After going in to areas like food, housing and even fashion it is now time for IKEA to go into social welfare.
Welcome to the new product by IKEA. It is called SOCIALFÖRVALTNING. In a flat package you will get a job, vegetables and meaning of life. You assemble it yourself and will be a successful member of society.
(Picture above borrowed from Internet.)
Well. All this is true to some extent. But not really. IKEA is not launching a new product called SOCIALFÖRVALTNING. Not even a product called FÖRSÄKRINGSKASSAN. But this Monday they launched a new side to their ordinary business of tealights and sofas. DM is a concept for areas in a city that struggles with socialeconomic challanges. IKEA think they have the answer to this.

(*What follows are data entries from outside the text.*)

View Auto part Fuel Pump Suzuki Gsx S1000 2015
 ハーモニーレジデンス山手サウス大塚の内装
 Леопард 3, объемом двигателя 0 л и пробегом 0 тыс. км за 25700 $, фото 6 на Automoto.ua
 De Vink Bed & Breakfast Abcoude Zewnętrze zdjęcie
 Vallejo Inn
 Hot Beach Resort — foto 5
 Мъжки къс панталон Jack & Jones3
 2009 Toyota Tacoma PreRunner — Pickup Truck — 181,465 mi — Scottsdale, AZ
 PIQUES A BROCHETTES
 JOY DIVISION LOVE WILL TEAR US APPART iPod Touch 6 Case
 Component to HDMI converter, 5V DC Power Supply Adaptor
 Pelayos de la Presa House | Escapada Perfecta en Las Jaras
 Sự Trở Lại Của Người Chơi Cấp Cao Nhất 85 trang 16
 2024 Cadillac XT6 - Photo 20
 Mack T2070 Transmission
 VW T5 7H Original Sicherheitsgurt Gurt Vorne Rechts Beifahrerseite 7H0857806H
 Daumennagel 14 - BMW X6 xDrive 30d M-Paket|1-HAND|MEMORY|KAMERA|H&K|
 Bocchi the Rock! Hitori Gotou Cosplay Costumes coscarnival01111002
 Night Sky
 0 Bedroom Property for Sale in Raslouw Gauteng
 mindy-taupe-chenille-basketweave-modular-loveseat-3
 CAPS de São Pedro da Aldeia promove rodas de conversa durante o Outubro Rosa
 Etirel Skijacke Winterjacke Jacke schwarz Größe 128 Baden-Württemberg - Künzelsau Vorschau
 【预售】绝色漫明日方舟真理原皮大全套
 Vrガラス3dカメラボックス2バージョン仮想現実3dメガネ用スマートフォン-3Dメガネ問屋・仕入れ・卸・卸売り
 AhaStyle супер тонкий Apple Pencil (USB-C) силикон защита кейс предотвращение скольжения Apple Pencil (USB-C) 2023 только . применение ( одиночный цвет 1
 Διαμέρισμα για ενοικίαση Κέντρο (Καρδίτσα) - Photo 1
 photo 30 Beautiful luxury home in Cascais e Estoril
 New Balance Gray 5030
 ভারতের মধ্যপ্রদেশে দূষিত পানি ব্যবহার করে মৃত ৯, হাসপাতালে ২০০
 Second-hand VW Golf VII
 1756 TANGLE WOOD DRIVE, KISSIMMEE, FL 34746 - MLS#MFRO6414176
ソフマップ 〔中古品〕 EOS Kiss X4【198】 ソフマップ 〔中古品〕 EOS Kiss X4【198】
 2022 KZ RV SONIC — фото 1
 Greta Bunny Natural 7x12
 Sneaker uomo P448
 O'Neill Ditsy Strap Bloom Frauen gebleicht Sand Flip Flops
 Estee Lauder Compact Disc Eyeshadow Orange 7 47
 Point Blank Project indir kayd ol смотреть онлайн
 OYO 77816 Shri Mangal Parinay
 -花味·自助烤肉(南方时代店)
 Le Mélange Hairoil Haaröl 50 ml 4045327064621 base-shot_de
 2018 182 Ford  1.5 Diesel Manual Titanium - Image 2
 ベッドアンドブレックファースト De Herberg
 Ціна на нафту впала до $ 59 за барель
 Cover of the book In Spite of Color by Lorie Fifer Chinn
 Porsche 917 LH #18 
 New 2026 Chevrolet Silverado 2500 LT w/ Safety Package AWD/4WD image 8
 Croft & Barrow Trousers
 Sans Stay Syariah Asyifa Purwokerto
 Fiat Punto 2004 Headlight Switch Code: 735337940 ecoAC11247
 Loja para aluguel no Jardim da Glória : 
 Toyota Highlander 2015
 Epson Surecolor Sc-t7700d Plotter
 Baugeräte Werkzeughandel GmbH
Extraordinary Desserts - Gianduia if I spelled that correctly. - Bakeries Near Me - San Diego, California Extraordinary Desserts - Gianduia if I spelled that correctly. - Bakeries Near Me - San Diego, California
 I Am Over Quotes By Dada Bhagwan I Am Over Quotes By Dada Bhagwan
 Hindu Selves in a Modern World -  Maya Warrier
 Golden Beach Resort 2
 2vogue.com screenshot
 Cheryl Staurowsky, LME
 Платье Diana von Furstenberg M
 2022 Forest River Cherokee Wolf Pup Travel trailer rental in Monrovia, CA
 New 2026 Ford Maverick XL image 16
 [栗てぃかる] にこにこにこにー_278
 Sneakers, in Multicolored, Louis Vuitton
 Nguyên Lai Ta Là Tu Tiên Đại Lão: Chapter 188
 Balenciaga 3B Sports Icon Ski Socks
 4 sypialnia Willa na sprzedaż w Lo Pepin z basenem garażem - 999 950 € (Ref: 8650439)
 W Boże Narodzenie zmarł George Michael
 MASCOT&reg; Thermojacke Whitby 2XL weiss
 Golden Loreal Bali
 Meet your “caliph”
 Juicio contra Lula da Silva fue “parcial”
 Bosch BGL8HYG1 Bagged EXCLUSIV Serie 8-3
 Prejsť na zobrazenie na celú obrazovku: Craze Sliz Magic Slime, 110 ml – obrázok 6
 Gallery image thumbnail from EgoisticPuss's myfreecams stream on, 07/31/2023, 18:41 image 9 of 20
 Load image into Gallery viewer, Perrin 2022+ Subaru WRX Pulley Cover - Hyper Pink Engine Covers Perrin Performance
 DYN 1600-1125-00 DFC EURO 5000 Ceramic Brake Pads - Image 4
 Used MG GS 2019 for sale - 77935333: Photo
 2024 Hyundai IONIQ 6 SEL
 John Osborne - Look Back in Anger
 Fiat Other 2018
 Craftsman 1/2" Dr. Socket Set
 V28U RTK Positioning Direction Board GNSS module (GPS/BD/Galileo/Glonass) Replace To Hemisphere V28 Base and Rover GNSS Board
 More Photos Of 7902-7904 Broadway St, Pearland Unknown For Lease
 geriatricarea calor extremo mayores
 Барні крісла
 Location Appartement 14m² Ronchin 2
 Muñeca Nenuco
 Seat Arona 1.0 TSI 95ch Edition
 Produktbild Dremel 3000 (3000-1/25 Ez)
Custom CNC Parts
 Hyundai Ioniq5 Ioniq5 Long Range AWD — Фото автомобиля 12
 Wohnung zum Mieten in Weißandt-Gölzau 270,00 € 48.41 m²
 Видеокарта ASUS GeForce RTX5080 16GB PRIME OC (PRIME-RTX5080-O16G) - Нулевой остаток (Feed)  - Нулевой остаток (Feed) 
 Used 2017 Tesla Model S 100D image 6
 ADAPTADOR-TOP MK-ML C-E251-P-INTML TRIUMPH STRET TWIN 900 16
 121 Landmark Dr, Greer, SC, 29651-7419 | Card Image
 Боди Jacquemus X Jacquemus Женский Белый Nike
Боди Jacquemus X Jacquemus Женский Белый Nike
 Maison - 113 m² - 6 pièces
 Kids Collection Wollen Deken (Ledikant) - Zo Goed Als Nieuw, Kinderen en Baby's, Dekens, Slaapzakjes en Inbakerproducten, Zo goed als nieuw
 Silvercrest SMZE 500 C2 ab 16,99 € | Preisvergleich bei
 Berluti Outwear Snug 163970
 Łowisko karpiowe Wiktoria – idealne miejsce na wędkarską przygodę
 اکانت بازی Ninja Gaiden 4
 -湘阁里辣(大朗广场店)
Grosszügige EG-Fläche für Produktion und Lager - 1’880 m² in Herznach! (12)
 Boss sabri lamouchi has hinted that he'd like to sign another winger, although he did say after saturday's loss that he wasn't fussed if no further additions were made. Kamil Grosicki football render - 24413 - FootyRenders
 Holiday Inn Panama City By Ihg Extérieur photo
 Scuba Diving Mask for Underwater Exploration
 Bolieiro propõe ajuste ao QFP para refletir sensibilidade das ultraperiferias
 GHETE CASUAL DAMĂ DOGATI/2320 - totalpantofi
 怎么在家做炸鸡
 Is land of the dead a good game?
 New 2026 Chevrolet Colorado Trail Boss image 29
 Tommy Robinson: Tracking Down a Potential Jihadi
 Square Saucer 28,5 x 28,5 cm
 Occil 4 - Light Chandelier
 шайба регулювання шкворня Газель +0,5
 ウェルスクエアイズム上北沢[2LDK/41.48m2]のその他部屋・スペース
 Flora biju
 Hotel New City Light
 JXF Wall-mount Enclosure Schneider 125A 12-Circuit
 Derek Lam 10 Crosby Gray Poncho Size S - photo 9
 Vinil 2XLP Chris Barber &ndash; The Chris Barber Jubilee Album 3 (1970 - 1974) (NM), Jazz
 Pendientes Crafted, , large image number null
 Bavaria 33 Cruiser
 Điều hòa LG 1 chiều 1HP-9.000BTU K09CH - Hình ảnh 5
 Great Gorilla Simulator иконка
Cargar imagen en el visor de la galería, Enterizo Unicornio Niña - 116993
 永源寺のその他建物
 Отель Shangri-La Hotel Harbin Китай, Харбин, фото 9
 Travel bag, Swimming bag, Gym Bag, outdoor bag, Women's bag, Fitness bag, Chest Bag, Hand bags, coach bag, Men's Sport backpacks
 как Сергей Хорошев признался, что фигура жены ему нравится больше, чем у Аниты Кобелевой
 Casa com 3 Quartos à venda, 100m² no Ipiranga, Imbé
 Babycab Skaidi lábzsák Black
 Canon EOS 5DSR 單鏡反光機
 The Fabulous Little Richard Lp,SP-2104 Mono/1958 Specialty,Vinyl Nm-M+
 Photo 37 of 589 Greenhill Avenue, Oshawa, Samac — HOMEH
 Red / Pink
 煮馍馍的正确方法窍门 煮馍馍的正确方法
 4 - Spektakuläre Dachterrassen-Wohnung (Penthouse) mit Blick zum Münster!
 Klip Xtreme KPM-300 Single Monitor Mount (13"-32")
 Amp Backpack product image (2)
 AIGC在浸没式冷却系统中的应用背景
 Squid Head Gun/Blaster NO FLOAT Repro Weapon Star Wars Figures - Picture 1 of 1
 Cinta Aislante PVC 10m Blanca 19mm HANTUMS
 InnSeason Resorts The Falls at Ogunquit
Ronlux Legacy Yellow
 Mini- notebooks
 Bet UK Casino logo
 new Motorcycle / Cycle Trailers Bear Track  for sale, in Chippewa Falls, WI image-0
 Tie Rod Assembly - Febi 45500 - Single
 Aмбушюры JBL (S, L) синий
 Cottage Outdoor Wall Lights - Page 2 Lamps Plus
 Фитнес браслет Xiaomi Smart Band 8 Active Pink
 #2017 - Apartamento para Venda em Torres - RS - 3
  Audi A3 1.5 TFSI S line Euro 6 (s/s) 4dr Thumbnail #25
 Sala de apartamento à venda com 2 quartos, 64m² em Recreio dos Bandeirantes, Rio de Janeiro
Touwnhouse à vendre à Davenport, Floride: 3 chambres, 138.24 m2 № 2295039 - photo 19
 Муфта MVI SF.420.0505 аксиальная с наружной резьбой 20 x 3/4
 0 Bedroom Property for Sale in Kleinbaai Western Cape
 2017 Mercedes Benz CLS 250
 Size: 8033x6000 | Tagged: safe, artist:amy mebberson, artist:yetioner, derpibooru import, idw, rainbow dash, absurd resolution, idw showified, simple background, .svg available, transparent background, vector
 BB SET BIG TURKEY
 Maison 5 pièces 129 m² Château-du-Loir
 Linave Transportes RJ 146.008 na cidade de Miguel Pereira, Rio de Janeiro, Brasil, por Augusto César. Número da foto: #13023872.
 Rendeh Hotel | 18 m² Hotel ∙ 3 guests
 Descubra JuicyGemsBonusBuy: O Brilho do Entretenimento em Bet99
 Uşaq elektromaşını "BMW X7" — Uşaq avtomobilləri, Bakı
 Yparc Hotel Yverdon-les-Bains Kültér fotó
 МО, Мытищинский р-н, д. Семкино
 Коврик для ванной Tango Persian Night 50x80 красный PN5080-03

This is not the first time IKEA reach out to help people in need. Do you remember when they made flatpack refugee set?
My perception of IKEA from the last five or ten years is that they have been focusing a lot on working with star designers (Tom Dixon, Ilse Crawford, Hay) and brands (Lego, Byredo, Sonos). In other words – very product oriented. Sure, a lot of talk about sustainability but mainly as in new products.
And now IKEA want to shift focus. Less products and more questions about other things in life. Like do we really have to own stuff? How do we get people to be involved in joint spaces?
It’s funny and provocative. What are you willing to share? Your boyfriend?
At an exhibition in Helsingborg in Sweden, IKEA now have two larger settings with questions about living, the future and quality of life. This is obviously a movement from stuff to other things.
So, IKEA wants to save the world. Can IKEA solve the challanges in the dodgy areas?
I am sure they absolutely could, but from my perspective when someone changes focus and want to be something new – I need to take a step back and ask a few follow up questions. Let’s say that this trendexpert would start a cooking school. What are his qualifications? Is it relevant? What does he bring to the table? Is he actuallt competent to run a cooking school? What kind o spices will he use? Does he take veganism or my allergies into consideration? For those of you who follow me on Instagram, you know that I am terrible at cooking… So, I would be an exampel of someone who not should fiddle in other areas.
But there are good examples of people that shift from a certain industry into something new and make a real change. Look at how Jamie Oliver have set food at schools on the agenda.
So, at the socioeconomically challanged area of Drottinghög in Helsingborg. Unemployment is high. Security low. Comfort low. Dedication to your neighbourhood is not there at all.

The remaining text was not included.